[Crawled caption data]
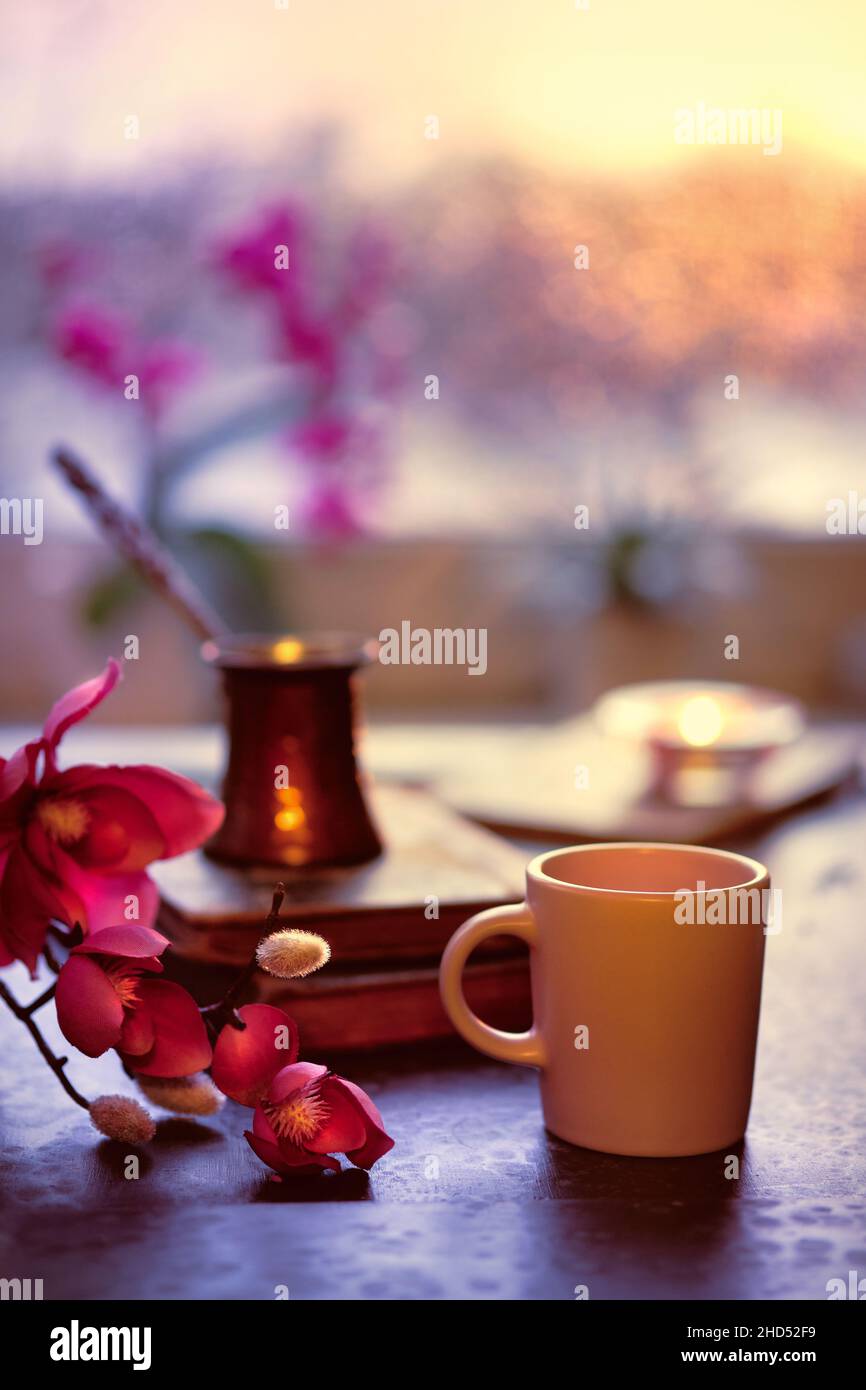 Café oriental cuisiné dans une cafetière traditionnelle turque en cuivre sur des livres anciens.Tasse en céramique au premier plan.L'hiver avec les vieux livres.Fenêtre de coucher de soleil Banque D'Images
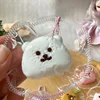 Mini oso blanco con nariz pequeña.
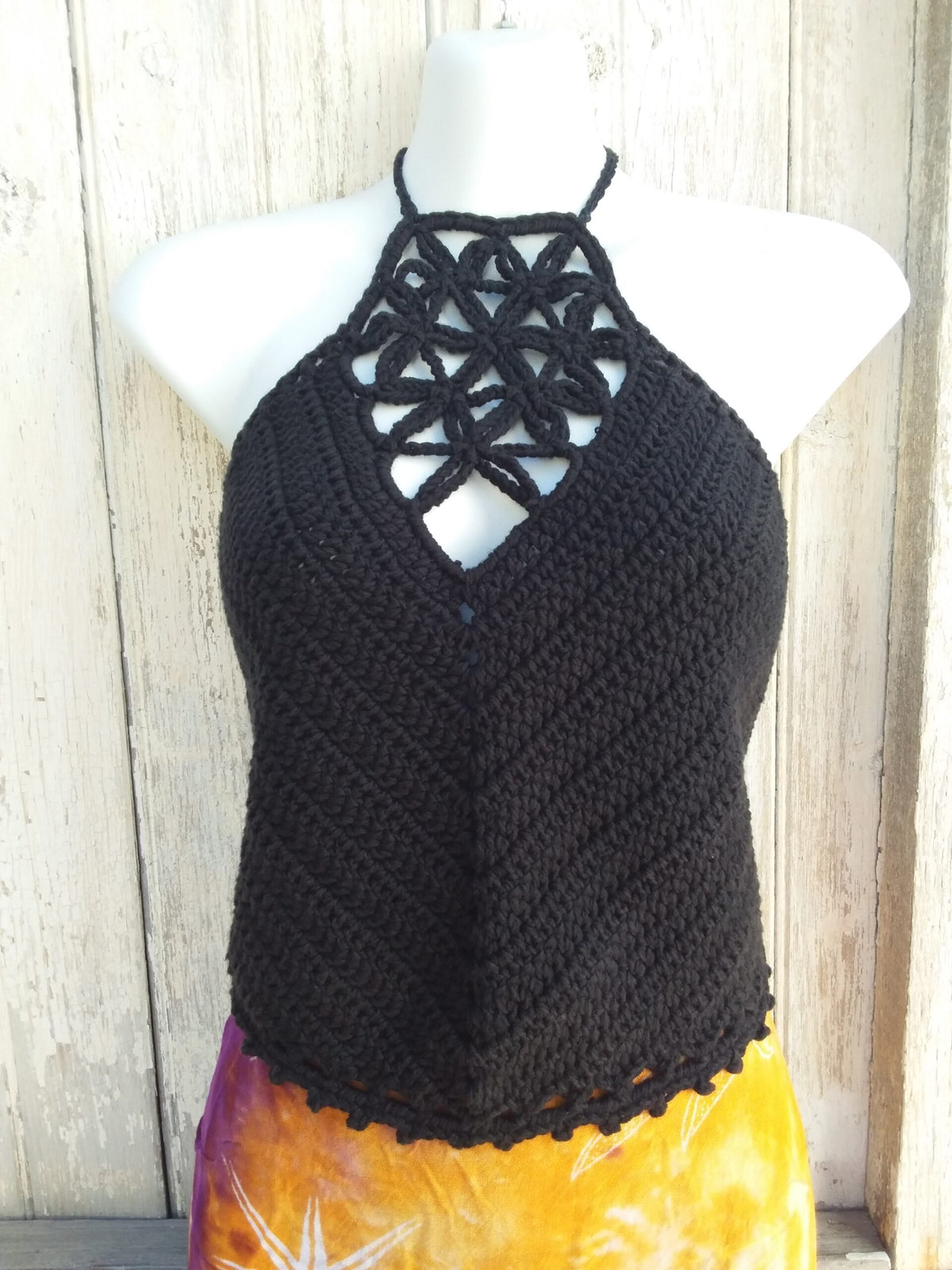 A black crochet halter top with picot edging paired with a bright orange skirt
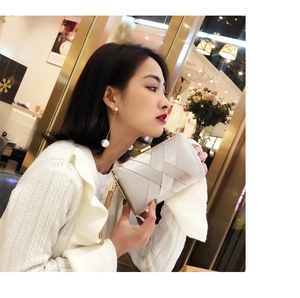 Silver woven evening clutch bag with gold tassel detail and matching long pearl earrings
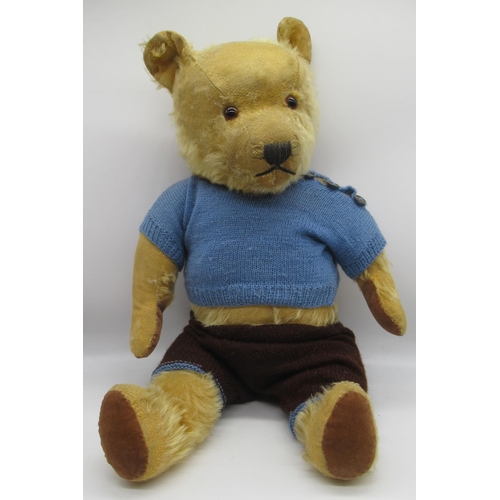 109 - Chiltern c. 1940/50's teddy bear in golden mohair, with glass eyes, jointed arms and legs, swivel he... 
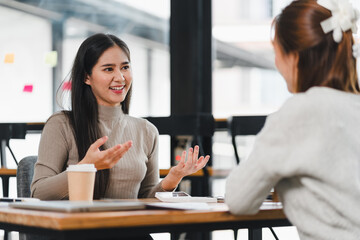 Two women having friendly conversation at cafe table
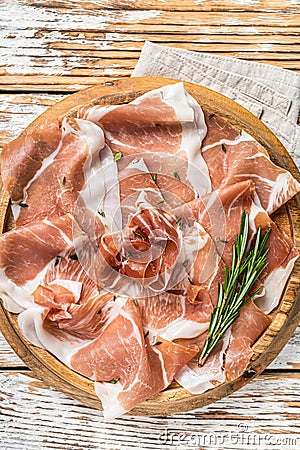 Dry cured parma ham or Prosciutto crudo on a wooden board with rosemary. White wooden background. Top View Stock Photo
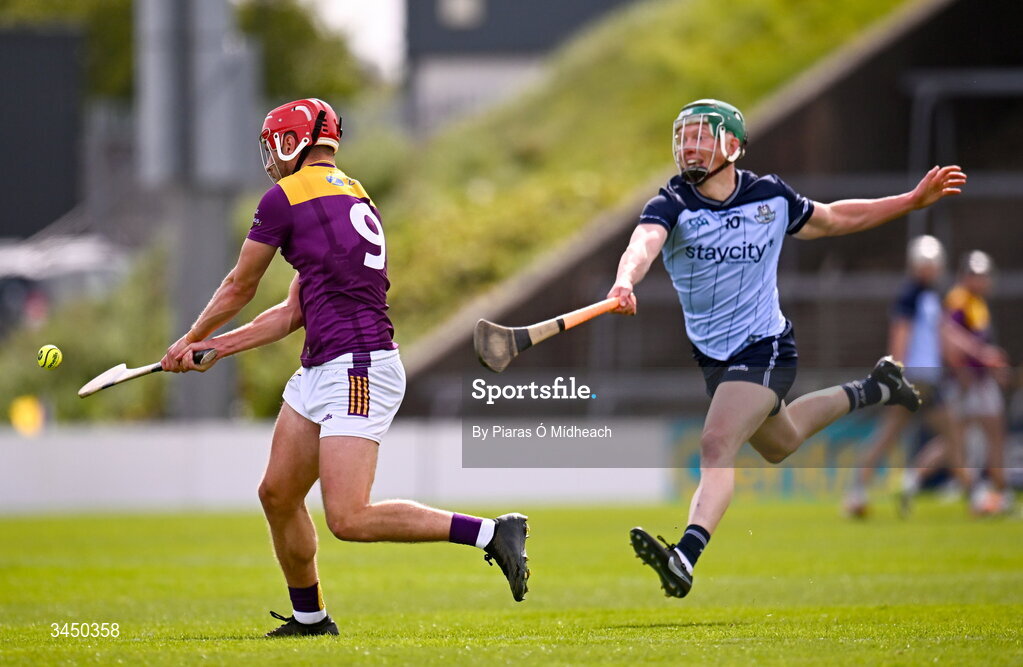 9 May 2026; Conor Hearne of Wexford scores a point as Fergal Whitely of Dublin closes in during the Leinster GAA Senior Hurling Championship round 3 match between Wexford and Dublin at Chadwicks Wexford Park in Wexford. Photo by Piaras Ó Mídheach/Sportsfile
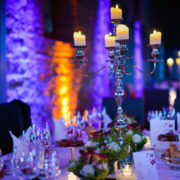 Elegant candlelight dinner table by night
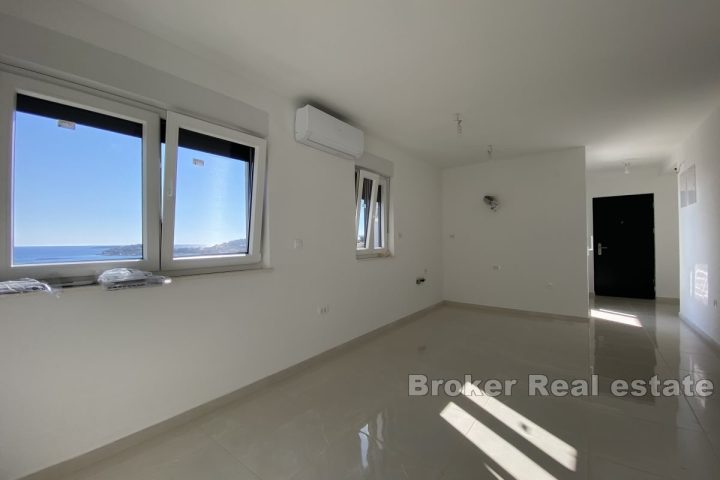 Apartments in a newly completed building with sea view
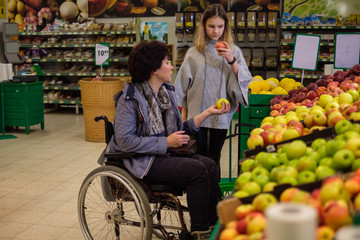 Girl helping disabled mothter in a grocery store.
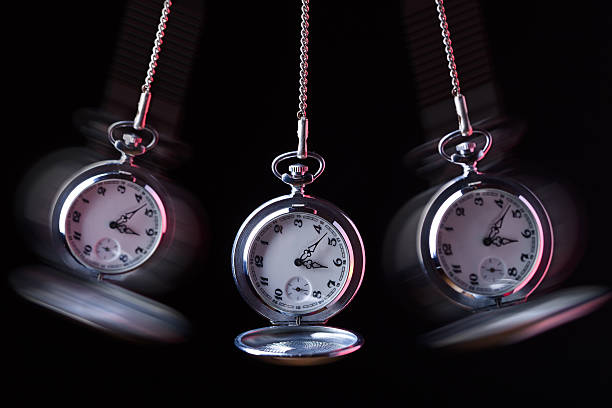 istock Pocket watch swinging on a chain to hypnotise 587886046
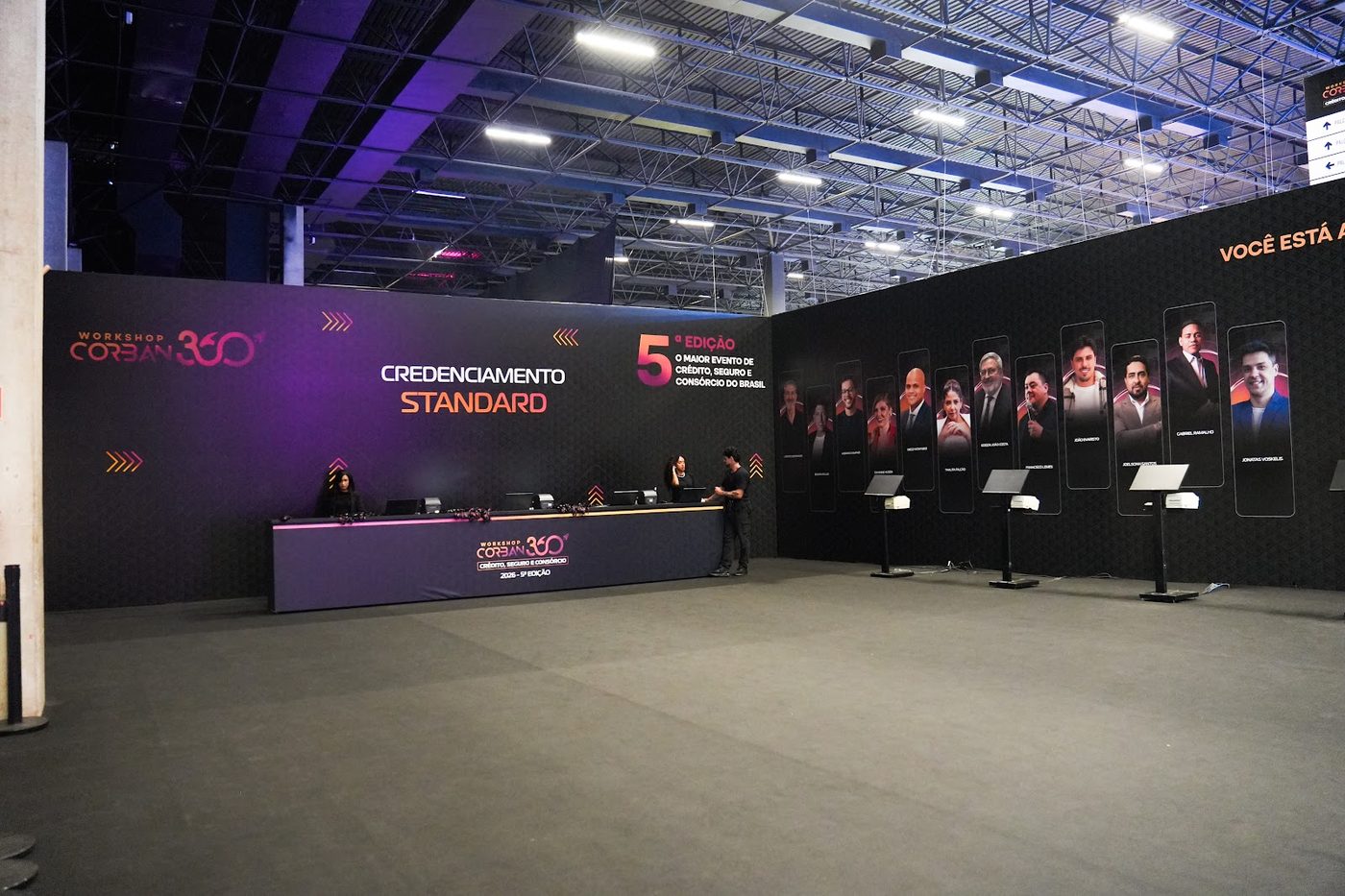 Stand com balcão de atendimento e painel iluminado em feira corporativa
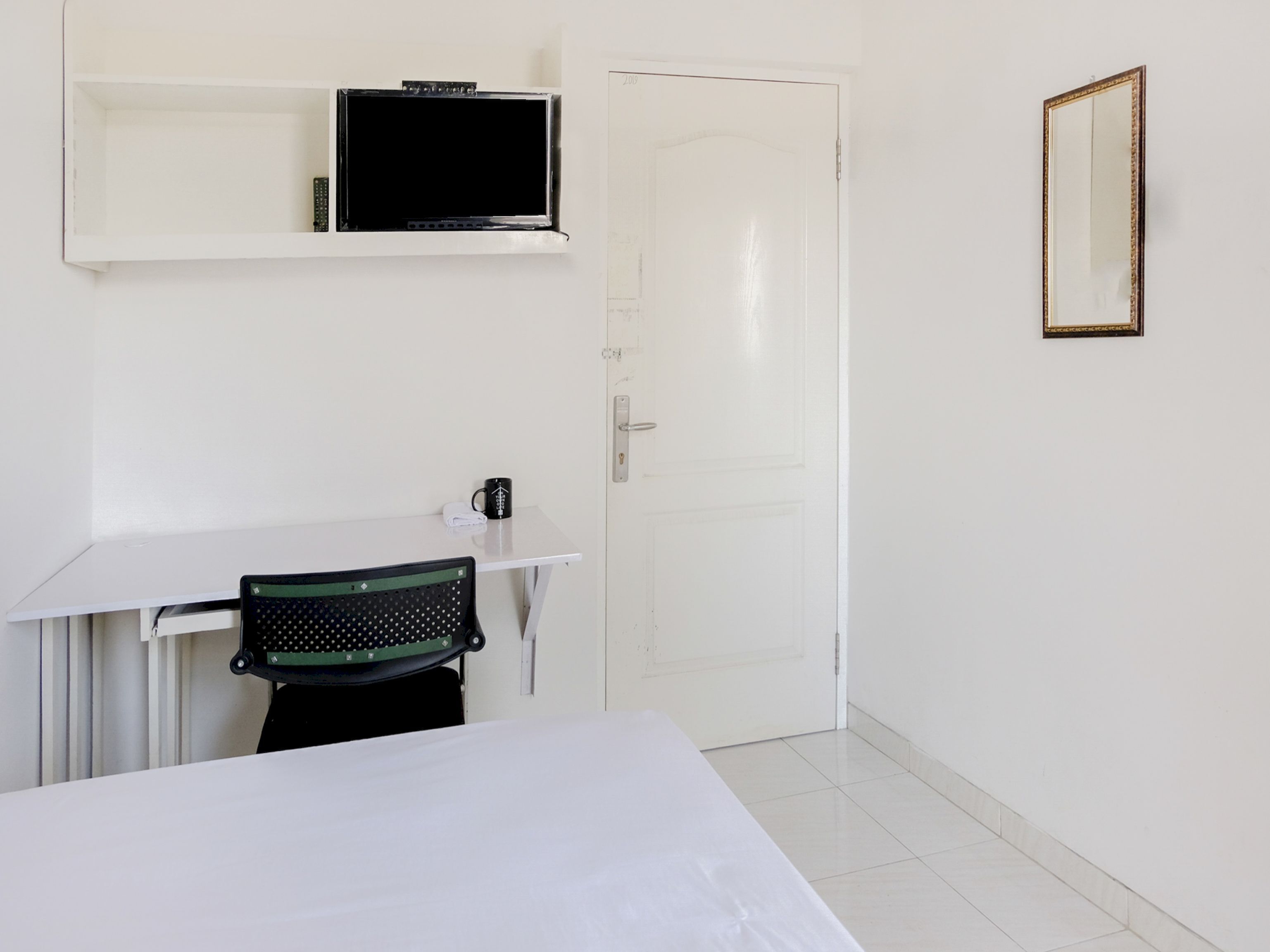 Ein kleines, sauberes Zimmer mit weißem Schreibtisch, Stuhl, Bett, Fernseher auf einem Regal und einer Tür.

WORK REQUIRED: Every line above goes into the copy unchanged; the pictures do not.

WRITTEN REPLY:
 Café oriental cuisiné dans une cafetière traditionnelle turque en cuivre sur des livres anciens.Tasse en céramique au premier plan.L'hiver avec les vieux livres.Fenêtre de coucher de soleil Banque D'Images
 Mini oso blanco con nariz pequeña.
 A black crochet halter top with picot edging paired with a bright orange skirt
 Silver woven evening clutch bag with gold tassel detail and matching long pearl earrings
 109 - Chiltern c. 1940/50's teddy bear in golden mohair, with glass eyes, jointed arms and legs, swivel he... 
 Two women having friendly conversation at cafe table
 Dry cured parma ham or Prosciutto crudo on a wooden board with rosemary. White wooden background. Top View Stock Photo
 9 May 2026; Conor Hearne of Wexford scores a point as Fergal Whitely of Dublin closes in during the Leinster GAA Senior Hurling Championship round 3 match between Wexford and Dublin at Chadwicks Wexford Park in Wexford. Photo by Piaras Ó Mídheach/Sportsfile
 Elegant candlelight dinner table by night
 Apartments in a newly completed building with sea view
 Girl helping disabled mothter in a grocery store.
 istock Pocket watch swinging on a chain to hypnotise 587886046
 Stand com balcão de atendimento e painel iluminado em feira corporativa
 Ein kleines, sauberes Zimmer mit weißem Schreibtisch, Stuhl, Bett, Fernseher auf einem Regal und einer Tür.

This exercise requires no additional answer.